In 2012 after a series of attacks against Modern Orthodox pre-teen girls by haredi extremists, a local ‘moderate’ haredi rabbi, Chaim Malinowitz, refused to publicly condemn the ‘extremists.”
“The minute I respond to a request to address the issue, so that the ‘public’ can hear what a ‘moderate haredi rabbi holds, I’ve bought into your narrative, and have allowed myself to be suckerpunched. Do you also ask all Jews to condemn Bernard Madoff? How anti-semitic! Do you ask all Italians to condemn Mafia murder? That is racism at its worst!” Malinowitz wrote in a widely criticized online posting at the time.
Moderate haredi Rabbi Dov Lipman, a former Member of Knesset for the centrist Yesh Atid Party, condemned people who refuse to condemned the extremists’ violence.

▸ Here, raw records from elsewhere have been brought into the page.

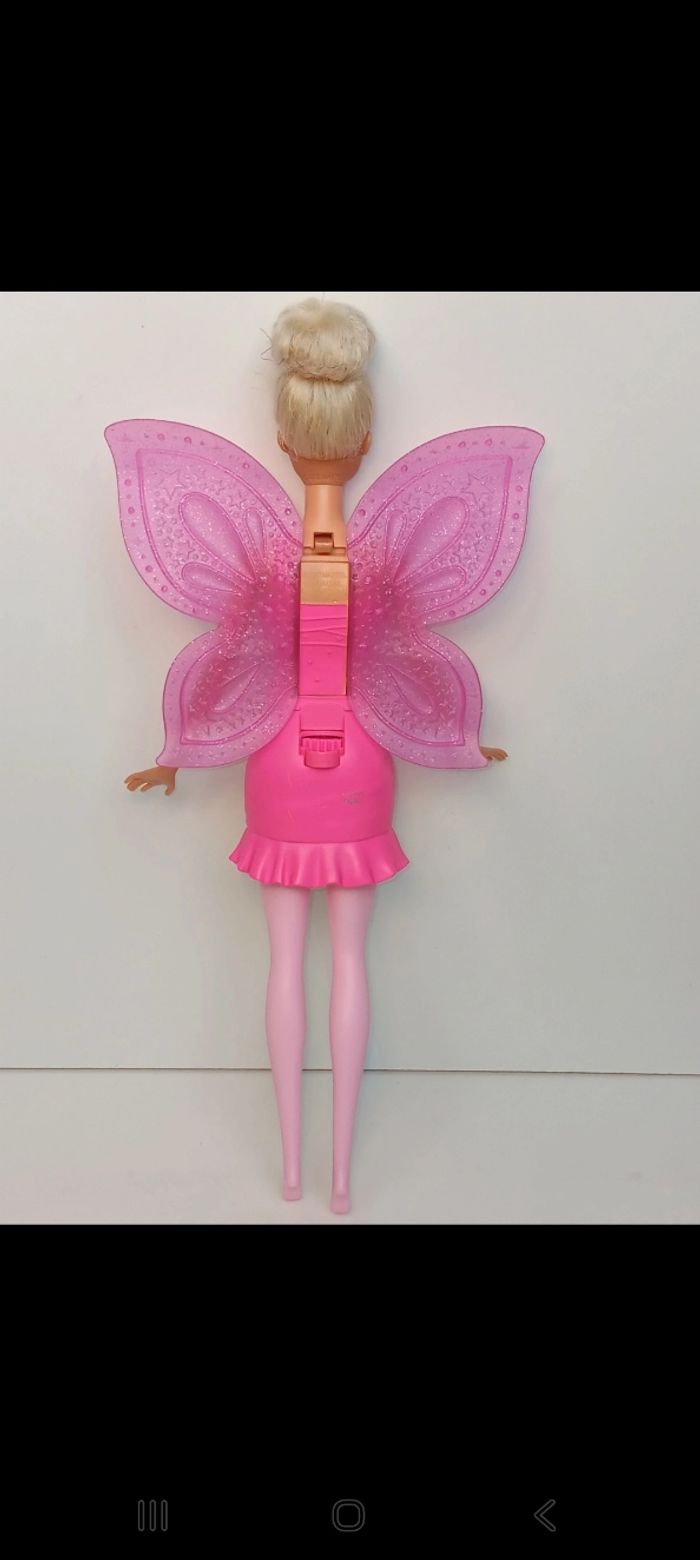 Poupée mattel Barbie Fée Papillon blonde
Poupée et ensemble compris - photo numéro 4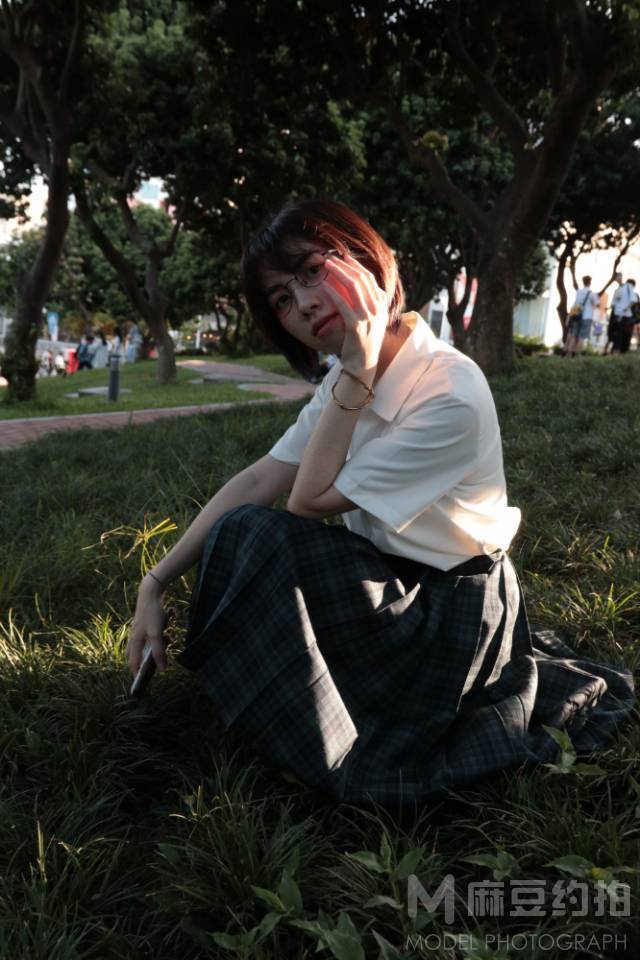 情绪模特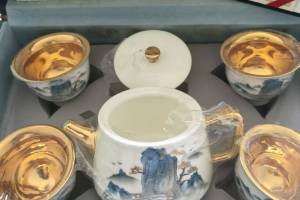 郑振灯大师高档手工鎏黄金皮盒“千里江山图”陶瓷茶具5件套大师证书的来源图片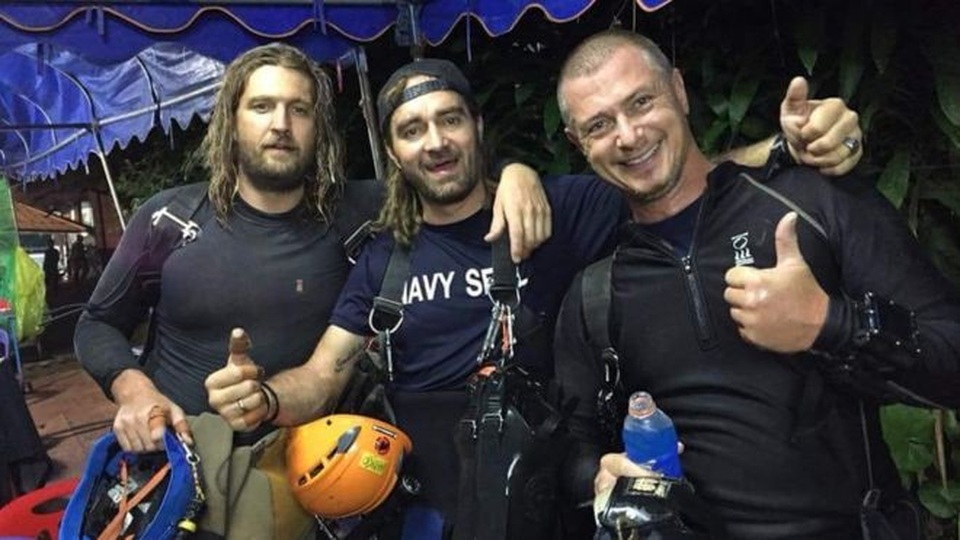 Những người hùng mang lại ánh sáng cho đội bóng Thái Lan - 9 Erik Brown (trái), Mikko Paasi (giữa) và Claus Rasmussen (phải) chụp ảnh cùng nhau để ăn mừng sau khi hoàn thành chiến dịch giải cứu. (Ảnh: Facebook)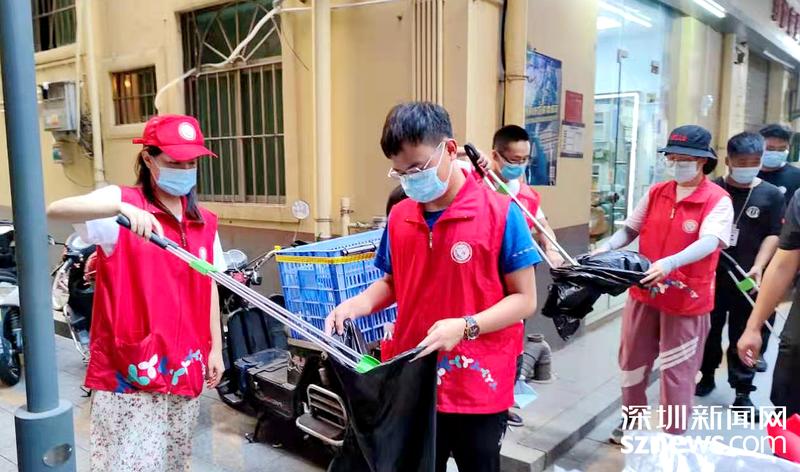 凤凰街道开展“吹哨行动”专项治理城中村环境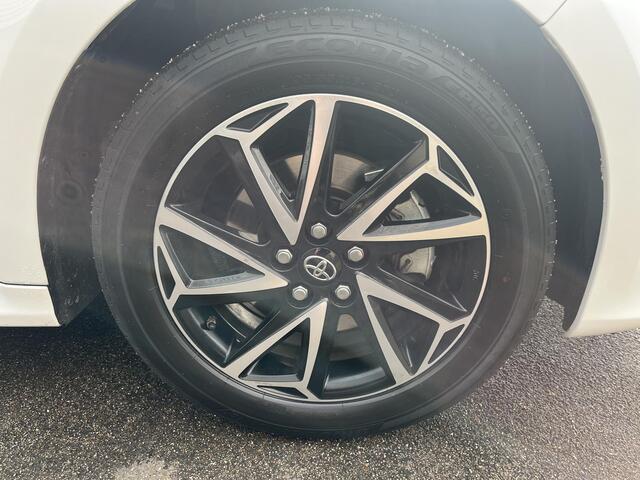 Toyota YARIS 1.5 Hybrid Dynamic Apple Carplay/Android auto Navigatie, LMV, Smart Key, Achteruitrijcamera, Adaptieve cruise control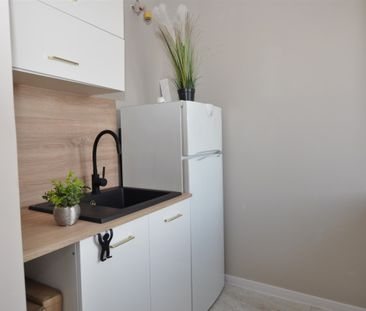 Dwupokojowe w atrakcyjnej lokalizacji, po remoncie - Photo 4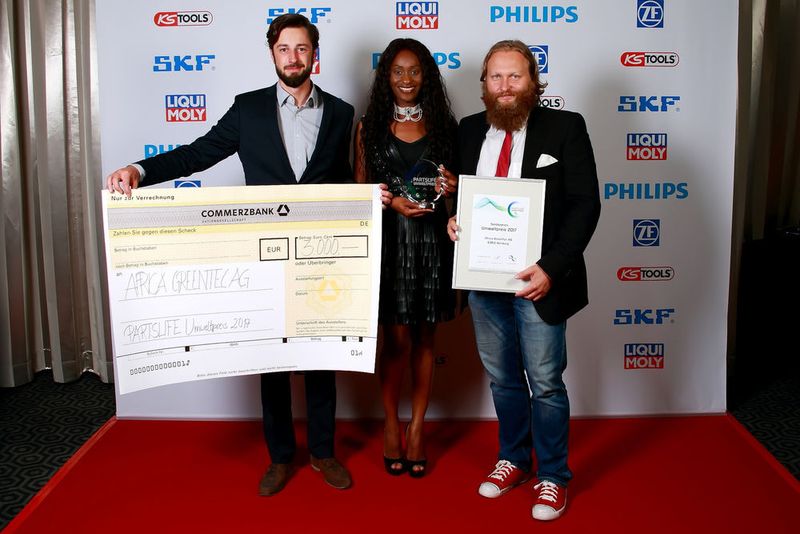 Das Team von Africa-Greentec freute sich über den mit 3.000 Euro dotierten Sonderpreis. (Partslife)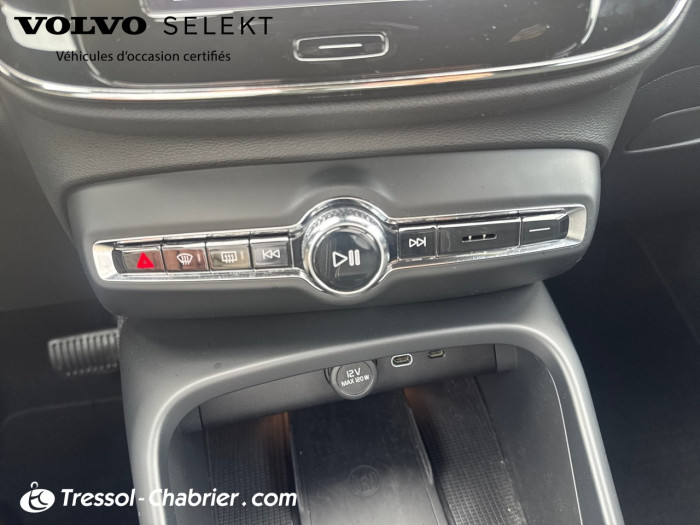 Volvo XC40 B3 163 ch DCT7 Plus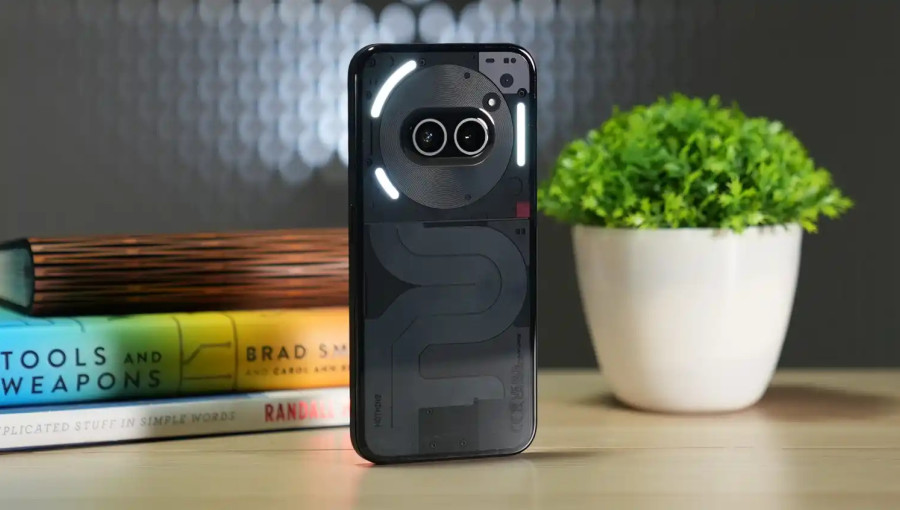 Огляд смартфона Nothing Phone (2a)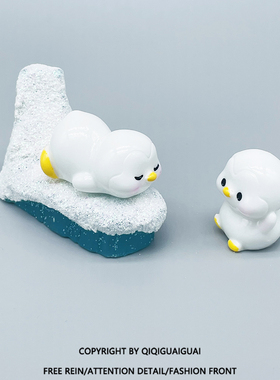 创意办公室小企鹅树脂解压可爱
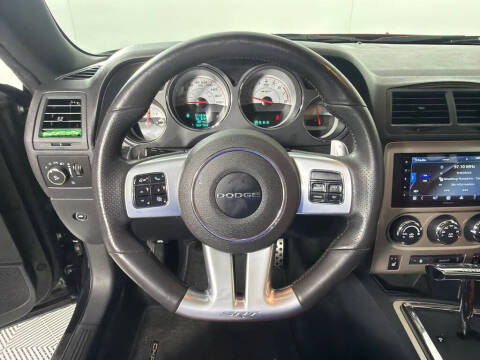 2014 Dodge Challenger SRT8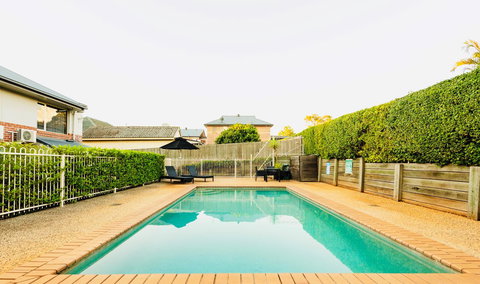 Ambassador On Ruthven - Accommodation Daintree 7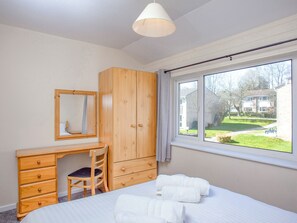 2 bedrooms, bed sheets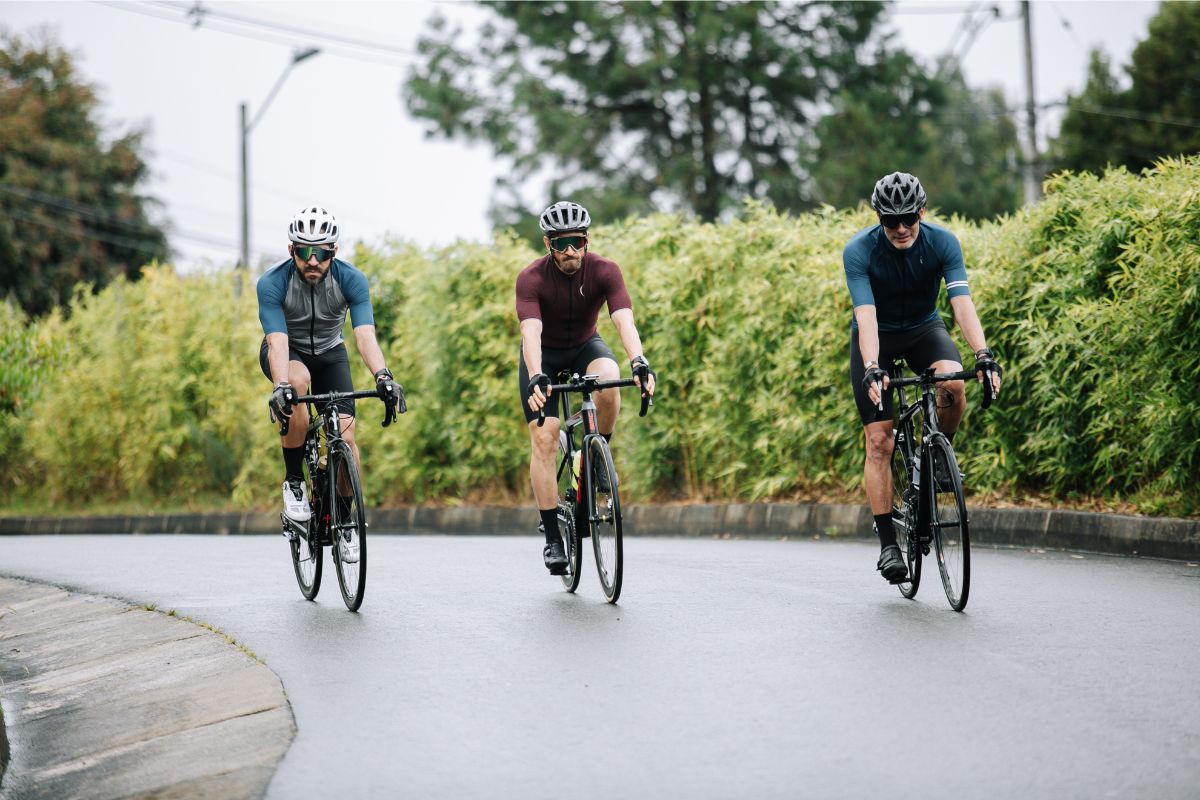 ciclistas haciendo ruta en bicicleta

"The rabbinic leadership is completely responsible for this behavior – and I refer to haredi rabbis whose congregants don't behave this way as well. I recently reached out to haredi leadership to come out against the extremists in a public manner and they have refused to do so - just as they did a few years ago during the Orot girls school episode. Their lack of action is to blame, and the more moderate haredim living amongst the extremists suffer the most, and they are the ones who have told me 'if only the rabbis would speak out against the extremism,’" Lipman reportedly said.
"The people in the community say that if the haredi leadership en masse would come out against the extremists then it would silence them,” Lipman continued. “I am tired of hearing people say ‘it wont help so we wont do it.’ How about trying it and seeing what happens? There comes a time when you have to speak out against that which is wrong because doing so is simply the right thing to do.”
The head of the city council’s opposition faction, Eli Cohen, who lost a close election for mayor last year, noted that Rabbi Moshe Abutbol, the city’s haredi mayor and a member of the Sefardi haredi Shas Party, has a lot of influence with many local haredi rabbis and could use it to encourage them to speak out against the extremists’ violence. Abutbol could also push police to increase enforcement.
“So the police should do what the police should do, and the politicians should do what they should do, and the rabbis should do what they should do,” Cohen reportedly said. “[But] to my sorrow…they are doing nothing.”
When asked about the latest attack on a woman and the complaints of locals about lack of police enforcement and lack of action by the city government to protect citizens, the city government and its haredi mayor declined to comment.